As a practical matter, the American Revolutionary War was a struggle between two almost equally advanced and very conditionalized democracies, and what governed was the correlation of forces as it evolved under the varying levels of military and diplomatic competence and political agility of the two sides. The American leaders doubtless persuaded themselves of a somewhat more exalted moral distinction between the parties. They were men of conviction, certainly, but they were also self-interested opportunists who saw the main chance, painted it with a thick coat of conjured virtue, and deserve the homage due to the bold, the brilliant, the steadfast, and, by a narrow margin, the just. On the legal and political facts, they do not deserve the hallelujah chorus ululated to them incessantly for 235 years by the clangorous American myth-making machine and its international converts.
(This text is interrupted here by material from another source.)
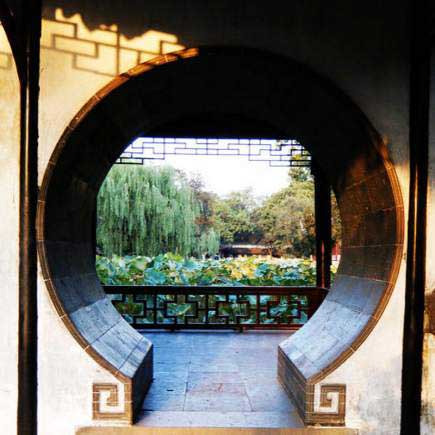 拙政园别有洞天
The British made the classic historic error of trying to impose taxes on people from whom they could not ultimately collect them, not that they were such unjust taxes. And the British explanation of their actions was so inept that the Americans not only withheld the tax but largely grasped the moral-political leadership of the whole planet with a nascent regime already clad in star-spangled swaddling clothes. This was the strategic genius of American national nativity: it discarded the great oceanic powers in order, the French and the British, each with the assistance of the other, and covered this accomplishment in the indefectible virtue of the rights of man. This would be the American formula in centuries to come, under Lincoln, Wilson, the Roosevelts, and in the Cold War, generally with a stronger legal and moral case: the advantage of force and possession of virtue, both applied in carefully selected circumstances.